Medical informatics specialization is rare in Latin America, with few training centres. The belief that “anyone can talk about technology and lead projects in this discipline” has led to many failed initiatives, for reasons well-documented in scientific literature.

It is like putting a dermatologist in charge of an ICU and expecting mortality not to rise. Each area of medicine requires expertise, and health informatics is no exception. It has its own research, literature, and body of knowledge.

In 2012, Clínica Alemana tasked me with leading the development and evolution of its information systems. I created the Biomedical Informatics Department, a medical department on par with Orthopedics, Pediatrics, or General Surgery. I led it from 2012 to 2022, then became Chief of Digital Transformation, focused on cutting-edge projects.
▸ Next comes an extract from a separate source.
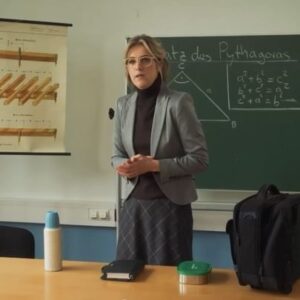 Katjana Gerz Instagram - Neue Regeln für Bayerns Schulen! Nicht nur Genderverbot, sondern auch neue Aufseher – Stress pur für @KatjanaGerz und andere Lehrkräfte.
Die ganze #heuteshow gibt’s in der Mediathek!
Currently, I split my time between reading papers, taking courses, exploring new technologies, and executing selected innovative projects.

How do you balance the adoption of technologies with proven clinical benefits, the need to experiment with breakthrough innovations, avoiding the hype around AI, and ensuring compliance with evolving regulations?

We are deeply sceptical and evidence-driven, but also aware that health informatics is a socio-technical discipline where organizational culture plays a decisive role.

We evaluate technologies objectively and methodically, first identifying risks of experimental use. This includes reviewing validation studies, FDA/CE certifications, and technical documentation.

We then conduct pilot tests with professionals to gather direct impressions, followed by larger trials before enabling solutions for all users. Finally, we monitor impact – usage, frequency, context, and real value delivered.